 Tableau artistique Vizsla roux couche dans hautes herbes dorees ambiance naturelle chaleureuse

▬▬▬

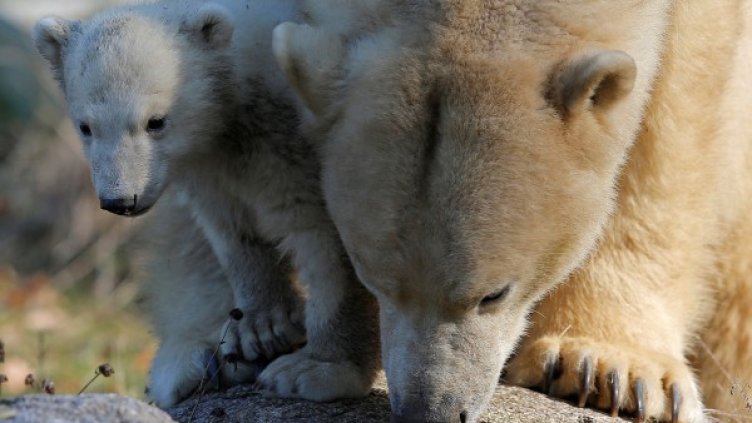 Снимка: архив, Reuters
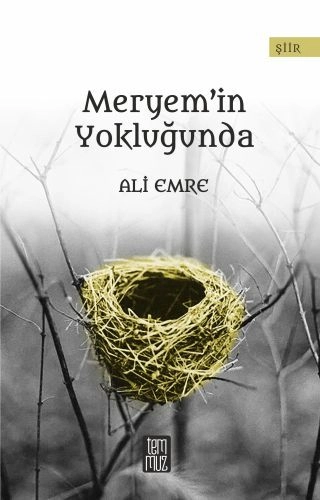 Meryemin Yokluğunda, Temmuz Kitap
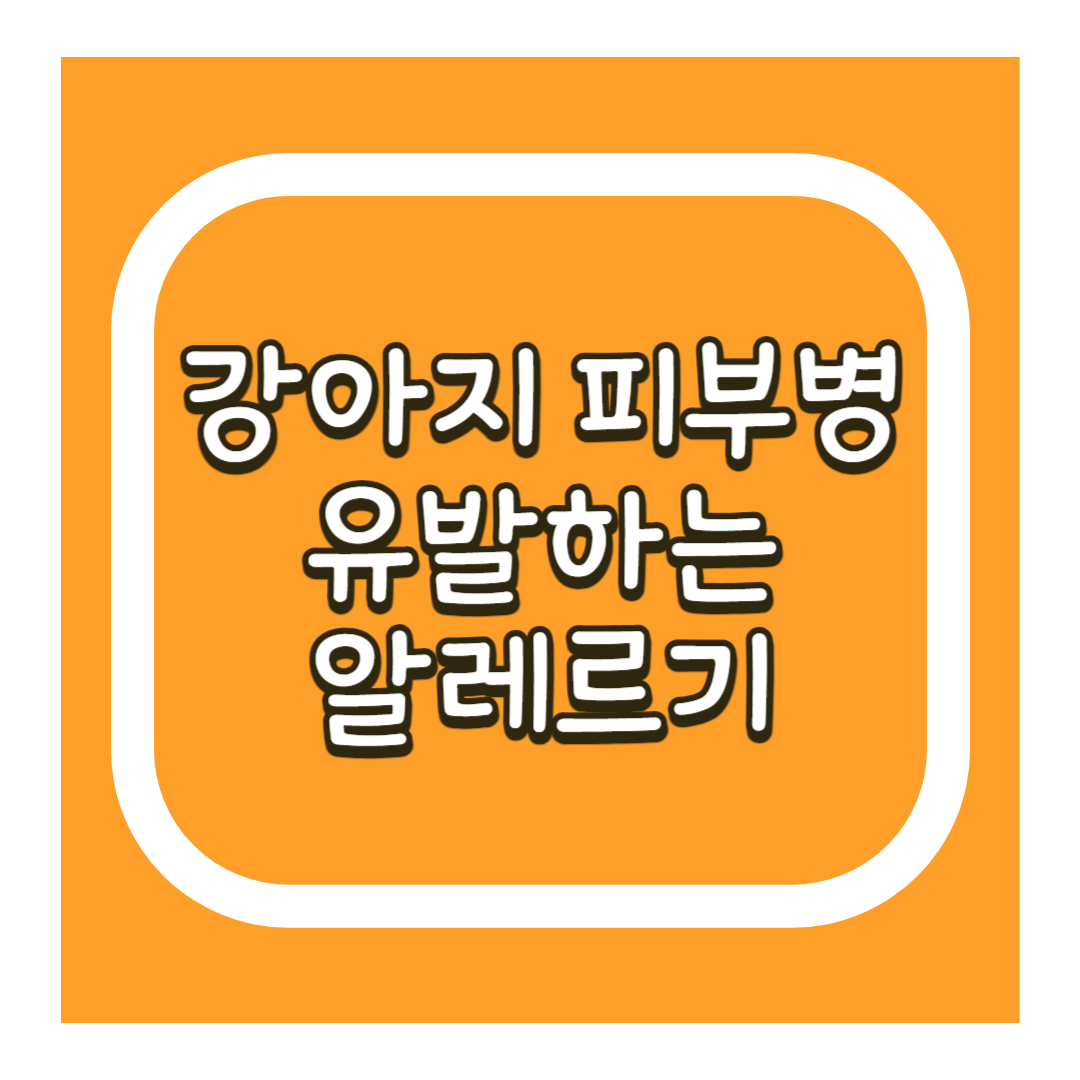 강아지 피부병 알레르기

▬▬▬

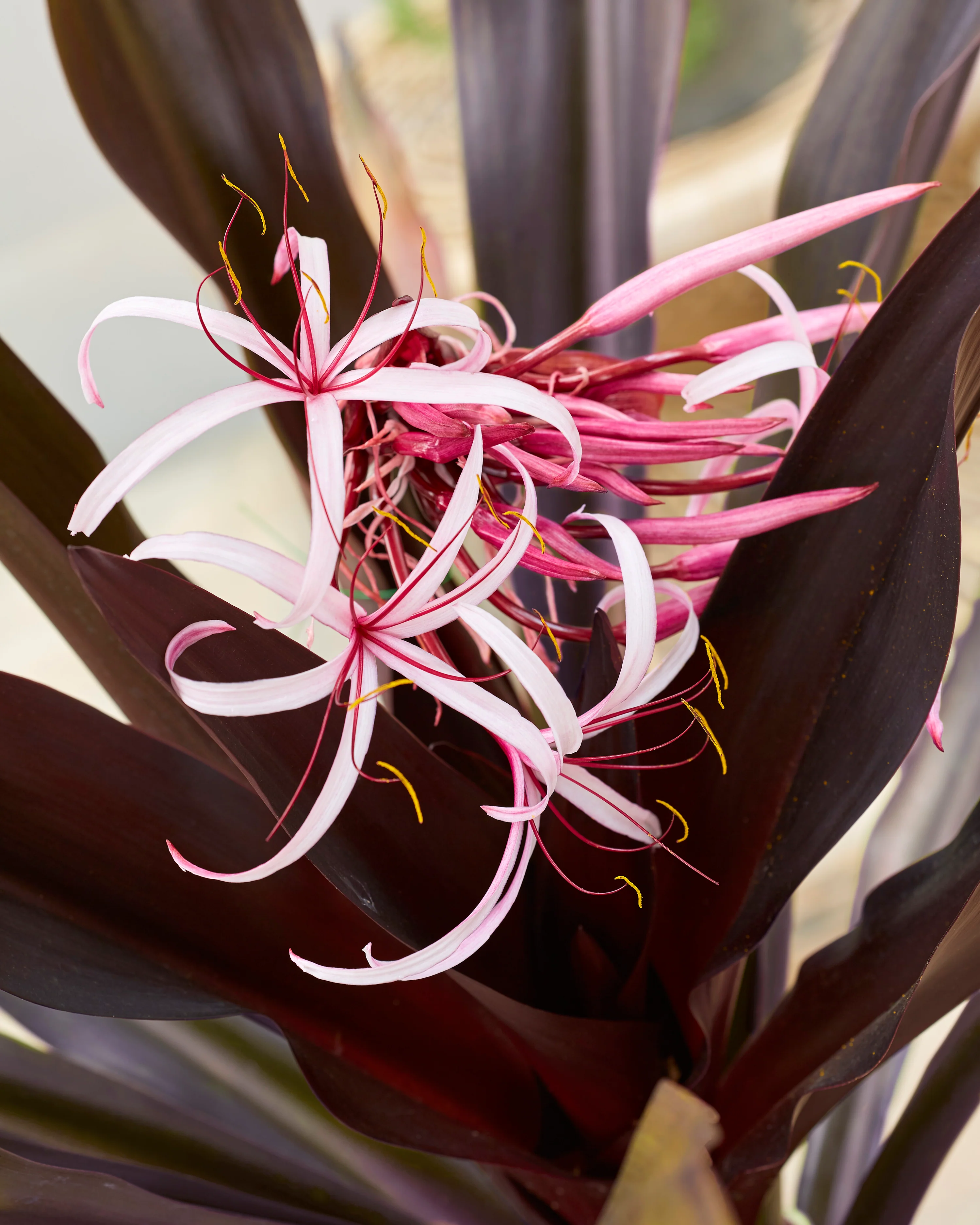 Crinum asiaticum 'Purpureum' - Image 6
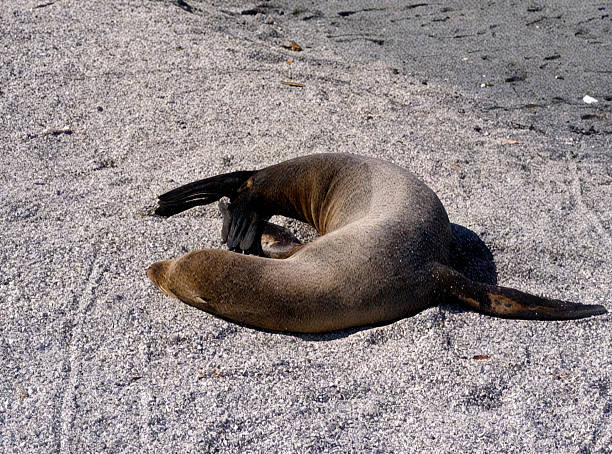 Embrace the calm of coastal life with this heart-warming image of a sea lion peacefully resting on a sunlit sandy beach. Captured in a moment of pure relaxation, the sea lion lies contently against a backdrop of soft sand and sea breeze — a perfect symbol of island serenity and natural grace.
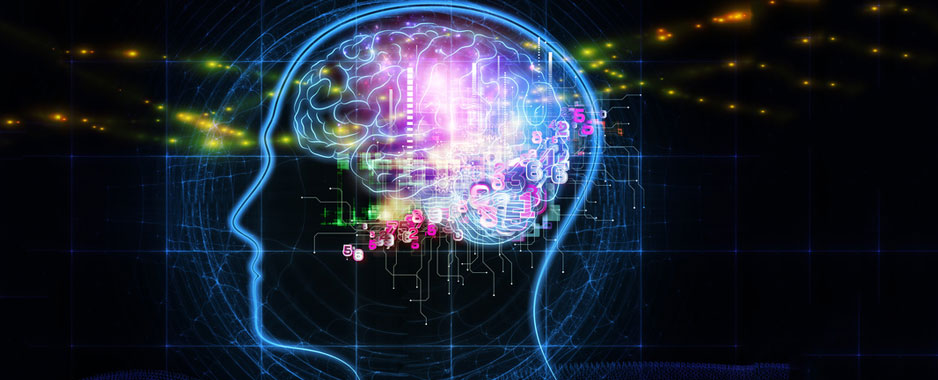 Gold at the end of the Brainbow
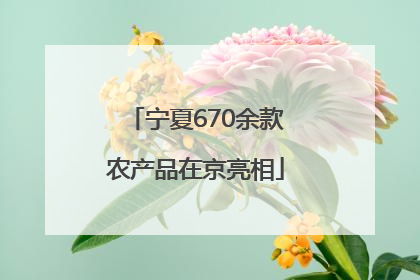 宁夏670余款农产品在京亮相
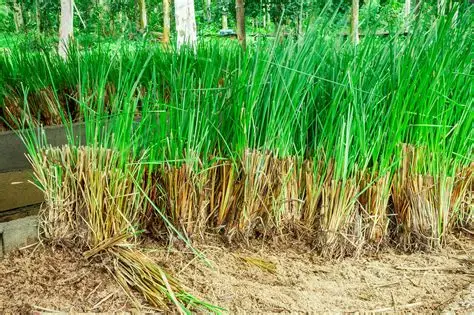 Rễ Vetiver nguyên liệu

▬▬▬

Requirement -
Go down the entries above from the line containing "Embrace the calm" to the line containing "Rễ Vetiver nguyên liệu" and write out each line exactly, leaving pictures out.

Output for this task -
 Embrace the calm of coastal life with this heart-warming image of a sea lion peacefully resting on a sunlit sandy beach. Captured in a moment of pure relaxation, the sea lion lies contently against a backdrop of soft sand and sea breeze — a perfect symbol of island serenity and natural grace.
 Gold at the end of the Brainbow
 宁夏670余款农产品在京亮相
 Rễ Vetiver nguyên liệu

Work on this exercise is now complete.